(Task directions) Only one stretch of the data below is needed. Output the lines from the one with "2023-genesis-gv70-e-sport-line-big-9" up to and including the one with "EN IMÁGENES: Un", exactly as they stand.
--------
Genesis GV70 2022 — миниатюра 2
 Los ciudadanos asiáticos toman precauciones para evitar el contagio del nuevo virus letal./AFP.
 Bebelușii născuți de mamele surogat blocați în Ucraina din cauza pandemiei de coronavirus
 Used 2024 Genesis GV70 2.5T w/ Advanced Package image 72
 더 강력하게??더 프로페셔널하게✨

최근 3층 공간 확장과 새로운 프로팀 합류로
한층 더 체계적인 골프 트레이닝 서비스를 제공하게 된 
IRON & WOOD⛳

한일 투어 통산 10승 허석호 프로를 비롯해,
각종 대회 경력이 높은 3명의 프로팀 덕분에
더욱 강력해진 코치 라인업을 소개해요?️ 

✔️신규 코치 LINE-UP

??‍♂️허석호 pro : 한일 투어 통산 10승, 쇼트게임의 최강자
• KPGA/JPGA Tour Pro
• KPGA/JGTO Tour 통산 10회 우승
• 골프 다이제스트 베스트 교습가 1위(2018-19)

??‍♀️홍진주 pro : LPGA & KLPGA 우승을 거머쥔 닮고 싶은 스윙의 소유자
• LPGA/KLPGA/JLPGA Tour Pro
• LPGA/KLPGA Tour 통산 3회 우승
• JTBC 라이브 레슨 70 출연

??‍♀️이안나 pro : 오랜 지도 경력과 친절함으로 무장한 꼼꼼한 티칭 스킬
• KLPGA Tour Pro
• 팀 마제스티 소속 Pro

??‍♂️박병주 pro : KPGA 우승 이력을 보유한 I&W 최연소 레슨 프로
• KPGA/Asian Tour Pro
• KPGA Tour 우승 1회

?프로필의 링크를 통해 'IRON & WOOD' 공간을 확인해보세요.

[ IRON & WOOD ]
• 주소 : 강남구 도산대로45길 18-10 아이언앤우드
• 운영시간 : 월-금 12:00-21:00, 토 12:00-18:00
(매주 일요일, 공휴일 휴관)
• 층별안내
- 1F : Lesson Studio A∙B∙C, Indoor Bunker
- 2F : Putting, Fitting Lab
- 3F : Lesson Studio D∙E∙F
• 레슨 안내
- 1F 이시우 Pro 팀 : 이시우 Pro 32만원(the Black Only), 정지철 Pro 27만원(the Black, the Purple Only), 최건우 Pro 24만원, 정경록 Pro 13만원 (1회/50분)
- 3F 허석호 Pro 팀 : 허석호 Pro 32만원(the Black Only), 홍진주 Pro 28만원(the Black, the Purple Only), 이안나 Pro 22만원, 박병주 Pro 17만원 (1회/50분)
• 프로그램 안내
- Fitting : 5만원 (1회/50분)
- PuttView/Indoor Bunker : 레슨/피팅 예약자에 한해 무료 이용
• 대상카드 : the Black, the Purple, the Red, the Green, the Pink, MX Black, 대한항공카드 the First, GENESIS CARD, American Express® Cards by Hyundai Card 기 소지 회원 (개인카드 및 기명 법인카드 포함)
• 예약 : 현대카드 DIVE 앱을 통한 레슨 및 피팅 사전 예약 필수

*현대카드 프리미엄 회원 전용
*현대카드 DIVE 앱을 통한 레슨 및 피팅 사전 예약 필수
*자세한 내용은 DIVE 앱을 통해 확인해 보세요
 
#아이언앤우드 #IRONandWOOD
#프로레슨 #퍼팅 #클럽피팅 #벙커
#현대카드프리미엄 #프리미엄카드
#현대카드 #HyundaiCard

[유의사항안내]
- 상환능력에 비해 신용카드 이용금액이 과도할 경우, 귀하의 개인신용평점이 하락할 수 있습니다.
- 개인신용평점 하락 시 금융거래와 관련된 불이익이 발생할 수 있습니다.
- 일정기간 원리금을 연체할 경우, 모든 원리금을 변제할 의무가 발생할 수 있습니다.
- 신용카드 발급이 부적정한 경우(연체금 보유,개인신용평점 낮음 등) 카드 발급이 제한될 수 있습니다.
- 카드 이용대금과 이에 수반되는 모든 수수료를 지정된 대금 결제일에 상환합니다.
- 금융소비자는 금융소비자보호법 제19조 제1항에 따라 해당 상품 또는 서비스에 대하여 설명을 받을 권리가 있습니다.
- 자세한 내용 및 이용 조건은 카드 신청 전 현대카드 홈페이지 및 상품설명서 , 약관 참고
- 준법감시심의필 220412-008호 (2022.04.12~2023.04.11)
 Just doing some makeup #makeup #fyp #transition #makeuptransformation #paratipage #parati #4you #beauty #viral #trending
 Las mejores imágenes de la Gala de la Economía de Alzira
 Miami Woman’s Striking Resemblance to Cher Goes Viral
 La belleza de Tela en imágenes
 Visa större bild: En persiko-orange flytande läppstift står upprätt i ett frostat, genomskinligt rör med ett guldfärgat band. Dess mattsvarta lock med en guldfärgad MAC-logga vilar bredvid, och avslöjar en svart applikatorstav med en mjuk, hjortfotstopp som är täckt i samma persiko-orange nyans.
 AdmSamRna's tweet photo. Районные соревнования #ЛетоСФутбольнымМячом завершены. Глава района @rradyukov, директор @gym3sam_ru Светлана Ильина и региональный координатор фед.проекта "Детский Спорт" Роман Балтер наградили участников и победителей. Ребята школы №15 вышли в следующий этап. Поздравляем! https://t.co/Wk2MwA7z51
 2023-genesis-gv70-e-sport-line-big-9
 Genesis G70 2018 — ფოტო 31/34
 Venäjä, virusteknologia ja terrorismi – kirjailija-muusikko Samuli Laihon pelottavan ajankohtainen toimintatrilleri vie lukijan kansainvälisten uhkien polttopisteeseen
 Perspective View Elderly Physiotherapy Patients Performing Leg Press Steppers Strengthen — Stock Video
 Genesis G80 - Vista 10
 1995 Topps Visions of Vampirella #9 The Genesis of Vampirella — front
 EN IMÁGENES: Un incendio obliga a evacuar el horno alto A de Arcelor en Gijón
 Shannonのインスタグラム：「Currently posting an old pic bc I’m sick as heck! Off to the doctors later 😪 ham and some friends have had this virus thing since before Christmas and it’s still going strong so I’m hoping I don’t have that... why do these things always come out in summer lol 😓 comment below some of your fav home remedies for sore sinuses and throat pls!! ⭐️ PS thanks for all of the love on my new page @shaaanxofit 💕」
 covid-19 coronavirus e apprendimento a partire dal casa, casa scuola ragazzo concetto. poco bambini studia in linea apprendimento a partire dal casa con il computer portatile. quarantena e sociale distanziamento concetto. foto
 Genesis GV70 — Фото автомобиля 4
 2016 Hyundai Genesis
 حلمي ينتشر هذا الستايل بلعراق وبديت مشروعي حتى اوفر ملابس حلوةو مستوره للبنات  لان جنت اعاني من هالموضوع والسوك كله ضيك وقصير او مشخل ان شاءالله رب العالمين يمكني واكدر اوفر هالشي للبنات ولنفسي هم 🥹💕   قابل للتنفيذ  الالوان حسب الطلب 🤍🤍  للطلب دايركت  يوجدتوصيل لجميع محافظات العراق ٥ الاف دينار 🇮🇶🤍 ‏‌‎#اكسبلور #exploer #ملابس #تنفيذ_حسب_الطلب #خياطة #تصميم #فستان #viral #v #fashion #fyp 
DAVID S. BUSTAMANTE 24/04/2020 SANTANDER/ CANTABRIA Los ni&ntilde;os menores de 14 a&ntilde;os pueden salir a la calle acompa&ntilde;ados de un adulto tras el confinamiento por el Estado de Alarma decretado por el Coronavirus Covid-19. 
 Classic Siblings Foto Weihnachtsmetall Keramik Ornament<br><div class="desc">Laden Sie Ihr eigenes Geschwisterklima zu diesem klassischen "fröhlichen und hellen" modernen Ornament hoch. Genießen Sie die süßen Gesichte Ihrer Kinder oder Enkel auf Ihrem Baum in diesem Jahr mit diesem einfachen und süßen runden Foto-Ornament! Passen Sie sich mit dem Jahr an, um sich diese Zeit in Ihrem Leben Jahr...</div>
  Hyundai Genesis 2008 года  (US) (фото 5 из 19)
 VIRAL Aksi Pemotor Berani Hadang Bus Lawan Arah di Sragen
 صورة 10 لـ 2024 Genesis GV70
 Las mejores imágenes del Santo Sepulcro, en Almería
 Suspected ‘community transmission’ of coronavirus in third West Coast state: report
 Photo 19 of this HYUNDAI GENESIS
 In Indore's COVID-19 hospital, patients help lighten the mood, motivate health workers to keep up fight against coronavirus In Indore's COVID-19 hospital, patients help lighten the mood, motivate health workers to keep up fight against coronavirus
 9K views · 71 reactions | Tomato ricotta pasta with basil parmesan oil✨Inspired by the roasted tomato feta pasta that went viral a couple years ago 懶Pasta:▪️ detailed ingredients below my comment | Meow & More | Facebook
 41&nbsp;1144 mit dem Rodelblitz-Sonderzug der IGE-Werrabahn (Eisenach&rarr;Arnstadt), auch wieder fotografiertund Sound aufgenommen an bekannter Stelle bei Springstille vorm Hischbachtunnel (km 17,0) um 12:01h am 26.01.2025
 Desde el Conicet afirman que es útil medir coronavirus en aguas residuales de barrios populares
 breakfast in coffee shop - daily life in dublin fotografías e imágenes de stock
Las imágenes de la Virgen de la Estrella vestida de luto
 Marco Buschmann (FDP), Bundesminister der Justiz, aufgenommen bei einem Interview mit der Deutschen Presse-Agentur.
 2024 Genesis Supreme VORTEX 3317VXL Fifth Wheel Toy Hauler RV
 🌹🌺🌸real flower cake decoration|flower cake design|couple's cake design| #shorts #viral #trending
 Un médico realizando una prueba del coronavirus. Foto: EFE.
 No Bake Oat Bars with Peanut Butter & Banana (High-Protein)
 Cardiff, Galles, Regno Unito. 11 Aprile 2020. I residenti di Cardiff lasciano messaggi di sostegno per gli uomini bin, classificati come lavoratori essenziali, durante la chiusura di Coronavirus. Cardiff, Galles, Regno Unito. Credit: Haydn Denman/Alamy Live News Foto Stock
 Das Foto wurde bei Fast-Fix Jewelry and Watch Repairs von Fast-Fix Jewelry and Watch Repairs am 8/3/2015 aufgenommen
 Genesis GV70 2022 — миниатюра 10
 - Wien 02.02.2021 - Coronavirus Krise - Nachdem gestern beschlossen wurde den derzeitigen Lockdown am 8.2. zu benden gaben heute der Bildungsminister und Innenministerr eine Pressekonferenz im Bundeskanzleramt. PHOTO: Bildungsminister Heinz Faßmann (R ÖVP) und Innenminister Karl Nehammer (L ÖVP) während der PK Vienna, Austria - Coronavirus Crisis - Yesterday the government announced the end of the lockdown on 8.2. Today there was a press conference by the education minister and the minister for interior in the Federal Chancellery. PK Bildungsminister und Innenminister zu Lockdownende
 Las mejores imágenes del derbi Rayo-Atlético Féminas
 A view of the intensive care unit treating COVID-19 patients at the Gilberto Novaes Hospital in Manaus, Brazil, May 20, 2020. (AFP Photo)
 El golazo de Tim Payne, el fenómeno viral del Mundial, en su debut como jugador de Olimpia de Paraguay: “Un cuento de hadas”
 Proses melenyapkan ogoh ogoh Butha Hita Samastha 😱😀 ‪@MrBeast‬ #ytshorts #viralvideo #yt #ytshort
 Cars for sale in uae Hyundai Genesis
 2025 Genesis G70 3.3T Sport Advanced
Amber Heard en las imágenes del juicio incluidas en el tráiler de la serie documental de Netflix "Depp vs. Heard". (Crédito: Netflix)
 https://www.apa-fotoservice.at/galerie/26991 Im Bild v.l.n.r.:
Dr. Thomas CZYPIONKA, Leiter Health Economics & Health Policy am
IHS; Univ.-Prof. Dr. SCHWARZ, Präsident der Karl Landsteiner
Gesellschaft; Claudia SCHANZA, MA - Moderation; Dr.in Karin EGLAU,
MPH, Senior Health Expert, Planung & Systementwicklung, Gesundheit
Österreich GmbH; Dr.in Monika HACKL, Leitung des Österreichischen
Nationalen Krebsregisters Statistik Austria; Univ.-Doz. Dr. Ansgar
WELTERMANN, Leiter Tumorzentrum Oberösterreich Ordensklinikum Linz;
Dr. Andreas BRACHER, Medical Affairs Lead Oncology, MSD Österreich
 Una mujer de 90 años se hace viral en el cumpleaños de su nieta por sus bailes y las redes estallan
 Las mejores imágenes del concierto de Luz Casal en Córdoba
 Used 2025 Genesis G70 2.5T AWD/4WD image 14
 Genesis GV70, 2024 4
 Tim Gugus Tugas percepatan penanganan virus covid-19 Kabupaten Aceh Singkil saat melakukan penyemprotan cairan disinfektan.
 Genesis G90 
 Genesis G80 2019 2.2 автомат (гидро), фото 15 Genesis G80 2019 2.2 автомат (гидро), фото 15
--------
(Task output)
 2023-genesis-gv70-e-sport-line-big-9
 Genesis G70 2018 — ფოტო 31/34
 Venäjä, virusteknologia ja terrorismi – kirjailija-muusikko Samuli Laihon pelottavan ajankohtainen toimintatrilleri vie lukijan kansainvälisten uhkien polttopisteeseen
 Perspective View Elderly Physiotherapy Patients Performing Leg Press Steppers Strengthen — Stock Video
 Genesis G80 - Vista 10
 1995 Topps Visions of Vampirella #9 The Genesis of Vampirella — front
 EN IMÁGENES: Un incendio obliga a evacuar el horno alto A de Arcelor en Gijón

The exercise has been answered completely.